Thema 2026 und konkrete Ziele
Die Aktion Dreikönigssingen 2026 steht unter dem Motto Schule statt Fabrik. Im Mittelpunkt steht die Bekämpfung ausbeuterischer Kinderarbeit. Partnerorganisationen der Sternsinger arbeiten demnach in mehreren Ländern daran, Kinder aus Arbeit herauszuholen und ihnen den Besuch von Schulen zu ermöglichen.
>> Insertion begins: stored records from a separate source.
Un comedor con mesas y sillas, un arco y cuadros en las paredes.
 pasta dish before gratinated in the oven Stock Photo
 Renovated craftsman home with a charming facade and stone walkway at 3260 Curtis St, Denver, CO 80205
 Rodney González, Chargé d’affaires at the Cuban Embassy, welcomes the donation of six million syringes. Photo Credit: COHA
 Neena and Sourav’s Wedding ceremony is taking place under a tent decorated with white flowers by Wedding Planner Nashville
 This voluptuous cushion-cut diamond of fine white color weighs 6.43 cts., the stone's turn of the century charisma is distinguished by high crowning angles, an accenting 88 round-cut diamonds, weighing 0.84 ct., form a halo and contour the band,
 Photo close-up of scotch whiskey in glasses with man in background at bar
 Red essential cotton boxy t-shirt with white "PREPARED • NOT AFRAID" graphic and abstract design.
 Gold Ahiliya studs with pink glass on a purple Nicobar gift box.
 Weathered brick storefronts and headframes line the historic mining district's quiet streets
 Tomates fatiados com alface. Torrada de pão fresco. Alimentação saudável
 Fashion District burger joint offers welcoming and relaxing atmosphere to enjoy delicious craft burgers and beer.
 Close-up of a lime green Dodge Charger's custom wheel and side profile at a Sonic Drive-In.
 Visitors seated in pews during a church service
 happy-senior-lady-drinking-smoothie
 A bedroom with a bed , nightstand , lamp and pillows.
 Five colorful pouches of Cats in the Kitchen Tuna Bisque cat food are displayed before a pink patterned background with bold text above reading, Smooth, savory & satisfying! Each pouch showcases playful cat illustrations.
Zu den Maßnahmen gehören demnach Förderkurse zur Wiedereinschulung und Angebote, die verhindern sollen, dass Kinder die Schule abbrechen. Die beteiligten Organisationen setzen auf Bildungsangebote und lokale Betreuung, um langfristig Alternativen zur Kinderarbeit zu schaffen.
Historischer Hintergrund des Brauchs
Der Sternsingerbrauch geht bis ins Mittelalter zurück. Jungen in als Könige gekleideter Aufmachung zogen seinerzeit durch die Straßen und stellten symbolisch den Weg zur Krippe nach. Das Kindermissionswerk griff den Brauch 1959 mit der Aktion Dreikönigssingen wieder auf. Heute gilt das Sternsingen als die weltweit größte Solidaritätsaktion von Kindern für Kinder.
Vor dem Rathaus entstand ein Gruppenfoto mit Oberbürgermeister Mende und den Sternsingern.